Bacterial Physiology and Metabolism Unit
Established in 2021
Ashley Groshong, Ph.D. (She/Her/Hers)
Chief, Bacterial Physiology and Metabolism Unit
Contact: For contact information, search the NIH Enterprise Directory.
Major Areas of Research
- Nutritional uptake of Borrelia burgdorferi within the mammalian host and tick vector environments
- Nutrients available to the spirochete during the enzootic cycle
- Modulation of gene expression in response to changes in the host and/or vector environments
Lyme disease is primarily caused by the host’s immune response to the presence of the spirochete, Borrelia burgdorferi. The bacterium is delivered by an Ixodes spp. tick and can disseminate throughout the host, persisting primarily within the skin. While the bacteria is quite efficient in mammalian infection, it is wholly dependent on nutrient acquisition from host environments (both mammal and tick) during its lifecycle. Dissecting and understanding the nutrient requirements and acquisition pathways will provide insight into potential therapeutic avenues that could be utilized in clinical cases or even environmental remediation.

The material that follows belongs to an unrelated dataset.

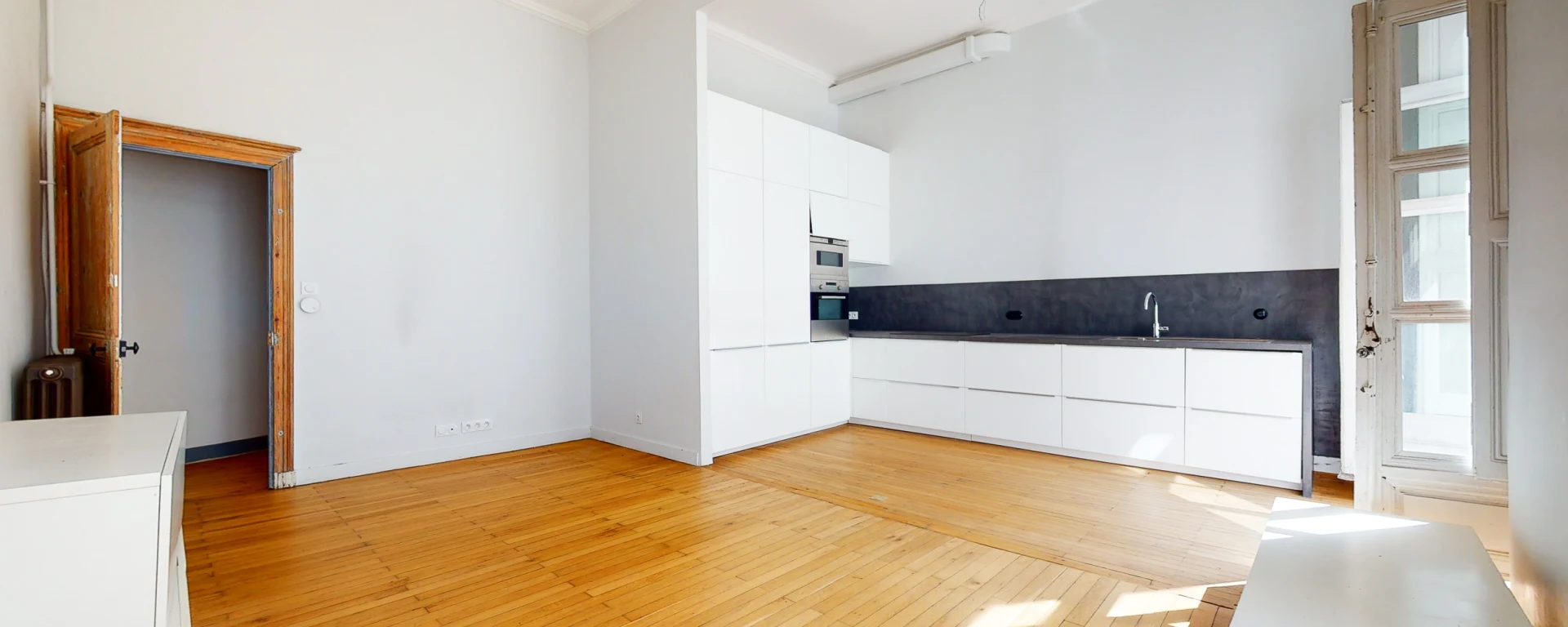 Appartement de 92.15 m² à Nantes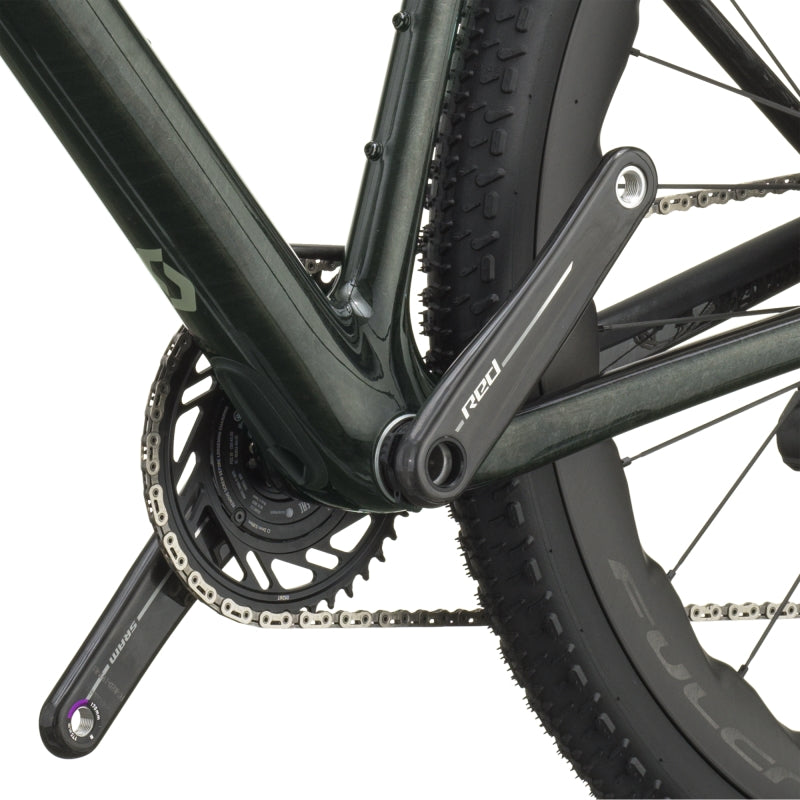 Scott Addict Gravel Premium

These studies currently focus on B. burgdorferi’s amino acid acquisition pathway. The spirochete is unable to synthesize its own amino acids, however, it only encodes a few free amino acid transporters. Unlike other bacteria, B. burgdorferi is completely reliant upon a multicomponent peptide transporter to bring in the bulk of necessary amino acids. This discovery has prompted an investigation into peptide sources within the host and vector which sustains bacterial colonization throughout the enzootic cycle, specialized roles peptides and/or peptide uptake may play during infection and tick colonization, and supportive roles that the additional free amino acid transporters may play.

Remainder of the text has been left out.